Uncertainties on estimated CHRT were then assessed. The ratio of estimated (CHRTest) and observed (CHRTobs) CHRT, CHRTest/CHRTobs, were computed and adjusted to a log-normal distribution. As expected, uncertainties on estimated CHRT are significant. For instance, there is a 5% probability that observed CHRT be larger than twice the estimated CHRT. Providing guidelines on uncertainties on estimated CHRT is therefore even more important and could be used by practitioners to define security factors in situation where underestimated or overestimated CHRT, and corresponding designed hydraulic capacities, may have major consequences and lead to unacceptable risks.
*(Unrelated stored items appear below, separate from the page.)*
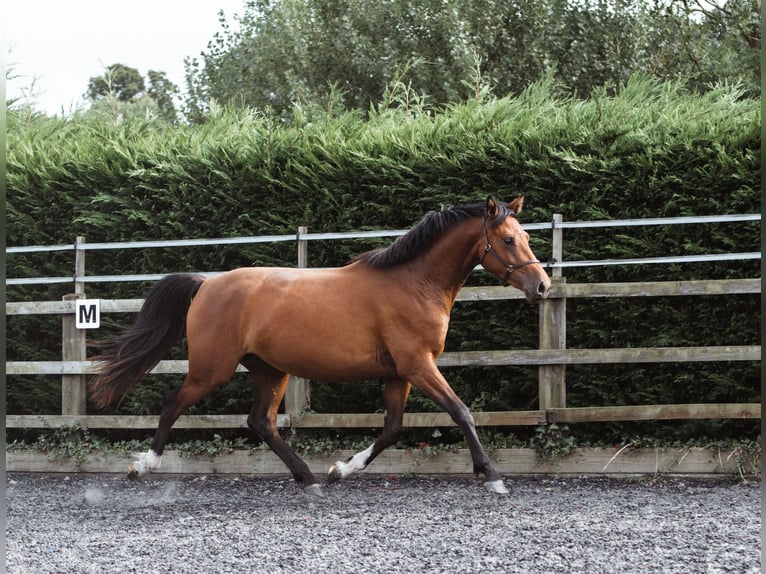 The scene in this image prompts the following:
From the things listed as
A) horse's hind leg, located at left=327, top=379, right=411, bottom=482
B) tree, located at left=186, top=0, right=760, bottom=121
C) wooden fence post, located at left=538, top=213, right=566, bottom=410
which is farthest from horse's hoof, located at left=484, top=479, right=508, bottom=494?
tree, located at left=186, top=0, right=760, bottom=121

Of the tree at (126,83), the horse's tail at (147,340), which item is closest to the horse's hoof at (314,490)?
the horse's tail at (147,340)

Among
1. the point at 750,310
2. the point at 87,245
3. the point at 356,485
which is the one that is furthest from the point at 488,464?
the point at 87,245

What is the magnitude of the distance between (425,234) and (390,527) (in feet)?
5.97

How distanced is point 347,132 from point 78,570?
426cm

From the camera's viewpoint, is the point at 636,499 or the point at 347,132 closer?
the point at 636,499

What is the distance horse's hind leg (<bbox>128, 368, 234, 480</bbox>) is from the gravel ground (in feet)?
0.89

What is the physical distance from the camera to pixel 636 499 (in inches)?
204

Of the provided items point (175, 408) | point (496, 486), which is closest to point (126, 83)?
point (175, 408)

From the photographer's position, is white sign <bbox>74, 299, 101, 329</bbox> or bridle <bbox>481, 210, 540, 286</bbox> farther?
white sign <bbox>74, 299, 101, 329</bbox>

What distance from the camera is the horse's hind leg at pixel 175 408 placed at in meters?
5.56

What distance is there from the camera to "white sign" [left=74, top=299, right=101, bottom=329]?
22.5ft

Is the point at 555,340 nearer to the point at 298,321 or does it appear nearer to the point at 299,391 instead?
the point at 298,321

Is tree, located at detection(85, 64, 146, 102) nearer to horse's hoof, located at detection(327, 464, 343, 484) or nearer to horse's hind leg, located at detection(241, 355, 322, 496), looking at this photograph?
horse's hind leg, located at detection(241, 355, 322, 496)

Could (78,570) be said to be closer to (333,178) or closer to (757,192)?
(333,178) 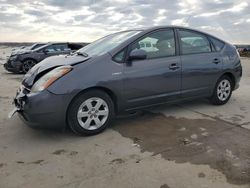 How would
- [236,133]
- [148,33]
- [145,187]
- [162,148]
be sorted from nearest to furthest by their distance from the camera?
[145,187] → [162,148] → [236,133] → [148,33]

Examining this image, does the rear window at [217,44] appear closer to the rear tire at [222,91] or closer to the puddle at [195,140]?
the rear tire at [222,91]

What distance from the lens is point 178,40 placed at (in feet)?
18.8

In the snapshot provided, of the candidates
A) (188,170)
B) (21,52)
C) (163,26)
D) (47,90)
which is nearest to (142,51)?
(163,26)

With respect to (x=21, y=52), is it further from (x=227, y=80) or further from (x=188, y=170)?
(x=188, y=170)

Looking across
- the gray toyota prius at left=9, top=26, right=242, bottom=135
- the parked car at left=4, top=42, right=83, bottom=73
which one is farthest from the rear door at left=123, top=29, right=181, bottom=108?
the parked car at left=4, top=42, right=83, bottom=73

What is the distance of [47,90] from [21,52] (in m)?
10.9

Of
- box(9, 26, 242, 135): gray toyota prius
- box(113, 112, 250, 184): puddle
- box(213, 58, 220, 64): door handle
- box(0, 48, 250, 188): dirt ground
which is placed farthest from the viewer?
box(213, 58, 220, 64): door handle

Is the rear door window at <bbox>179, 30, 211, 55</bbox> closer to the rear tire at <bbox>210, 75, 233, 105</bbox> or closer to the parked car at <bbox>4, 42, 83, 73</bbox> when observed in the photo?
the rear tire at <bbox>210, 75, 233, 105</bbox>

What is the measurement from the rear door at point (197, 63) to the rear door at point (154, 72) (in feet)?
0.57

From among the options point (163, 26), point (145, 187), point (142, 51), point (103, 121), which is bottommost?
point (145, 187)

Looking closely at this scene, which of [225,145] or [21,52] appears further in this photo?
[21,52]

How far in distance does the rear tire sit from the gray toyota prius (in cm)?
2

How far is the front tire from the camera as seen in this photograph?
4660 mm

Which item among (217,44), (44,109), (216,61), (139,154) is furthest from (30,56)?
(139,154) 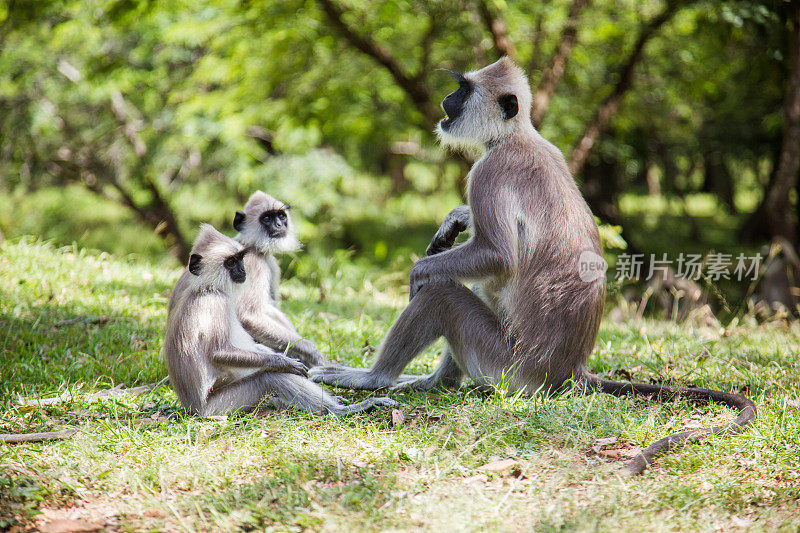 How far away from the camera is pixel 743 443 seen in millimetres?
3002

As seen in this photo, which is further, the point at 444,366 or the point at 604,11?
the point at 604,11

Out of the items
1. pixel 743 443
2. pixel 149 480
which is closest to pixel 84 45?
pixel 149 480

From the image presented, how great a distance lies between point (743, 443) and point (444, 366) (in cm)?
150

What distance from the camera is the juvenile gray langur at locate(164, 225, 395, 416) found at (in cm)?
321

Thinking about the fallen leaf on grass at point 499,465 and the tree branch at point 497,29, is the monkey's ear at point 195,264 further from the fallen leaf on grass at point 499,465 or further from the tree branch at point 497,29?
the tree branch at point 497,29

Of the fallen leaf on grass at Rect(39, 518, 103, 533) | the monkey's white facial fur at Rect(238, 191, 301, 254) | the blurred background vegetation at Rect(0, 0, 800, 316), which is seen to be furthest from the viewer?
the blurred background vegetation at Rect(0, 0, 800, 316)

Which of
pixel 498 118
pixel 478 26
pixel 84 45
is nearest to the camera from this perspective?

A more comprehensive investigation of watersheds where estimated CHRT largely overestimated or underestimated observed CHRT was carried out. In all cases, differences may be attributed to peculiar characteristics that have a major impact on the hydrological response. These features may be related to land use (e.g., large scale exposed rock outcrops), the presence and location of urban area within the watershed, the subdivision of the watershed in sub-watersheds with different land uses close to the outlet, or the location and storage capacities of LW. Some of these features were not, or inadequately, accounted for by selected physiographic characteristics, while some were unique or present in a few watersheds, and therefore not identified as predictors of CHRT. These few examples show that multiple and opposing factors may have an impact on the hydrological response of specific watersheds and that caution and professional judgement are recommended when estimating CHRT.

Finally, it is crucial to remind that the developed regression tree is based on a specific set of small watersheds located in Northeastern North America. Transposability of the approach to watersheds located elsewhere is possible, but an application per se of the estimated CHRT is not suggested.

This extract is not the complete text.